Circumstances today have proved to actually be very similar to yesterday, so why is it a better day? Because I decided it would be. It's that simple, and I am that much in control of how our days go. We had a baby wearing meeting this morning, and getting out of the house was as much of a struggle as yesterday. But instead of rushing, reprimanding and ignoring Jackson's needs, I chose to work with him.

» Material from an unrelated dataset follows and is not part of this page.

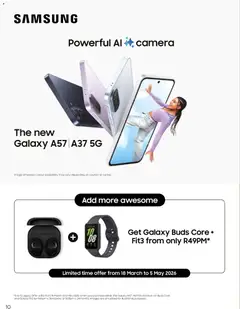 Cell C specials catalogue – valid from 18.03.2026 | Page: 12 | Products: Camera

He ran away when I said it was time to go potty (a requirement before we can leave the house), but I chose not to take it personally, not to see it as disrespect but as a way of communicating. Instead of trying to change his behavior from the outside with demands, I told him we were going to get goat's yogurt at the coop before our meeting, knowing that would motivate him internally. No potty meant no yogurt, and his love of yogurt won out. I had to remind him three more times as we were getting bundled up, and each time he chose yogurt. Handling it this way made me feel less pressure and anxiety, made him feel in control of his choice to go potty and get his jacket on, and saved us from a power struggle.

Our trip to the coop was pleasant, and he only needed a few reminders of how capable he was of staying close and keeping his hands on his mini-cart, much like last time. When we got to the library for our meeting, I let him run free for a few minutes, then tried to herd him to the meeting room. We teetered on the edge of a tantrum because he wanted to have the "earmuffs" (headphones connected to the computer), but I kept reminding him, "Talk first. Talk first." This is something we've been working on for a few months - talking first before he reacts to me or a peer, whether that means yelling, grabbing, or running away. A gentle reminder that the librarian doesn't allow yelling was enough to calm him down, and he decided it would be okay to try the earmuffs after our meeting was over.

After our meeting and "earmuff" time, we checked out our books and headed for the door. Again, a tantrum loomed as I tried to help him with his jacket. We went over the quiet rule and "talk first" again, then spent at least 5 minutes (which seemed like 30) discussing the things he wanted to do: read his new French book, listen to his French CD, watch his German and Spanish DVDs, make sushi rolls for lunch. Finally when he wasn't feeling resistance from me (which was probably still a surprise to him after yesterday), his own resistance faded and he happily put on his jacket because home was the place we could do all those things.

It takes time - a lot of time - to communicate this way and to involve him in every step of our day. I can choose to put my time and energy into him this way, knowing that the result is a happier, more confident little boy and a power struggle-free day, or I can allow time and energy to be drained from all of us by the negativity that results when a day is imposed on him.

It's a pretty easy choice when I look at the big picture, but some days, like yesterday, I get lazy and forget. I'm so glad he doesn't allow me to stay there. And I'm so proud that I've raised him to be confident enough to show me and even tell me when I've stepped away from where he and I both know we should be. He reacts the way he did yesterday because I've shown him that he deserves to be treated with respect, that he doesn't have to allow anyone, even me, to treat him in a way that isn't loving and kind. That's a huge victory, and the bright side I was missing last night.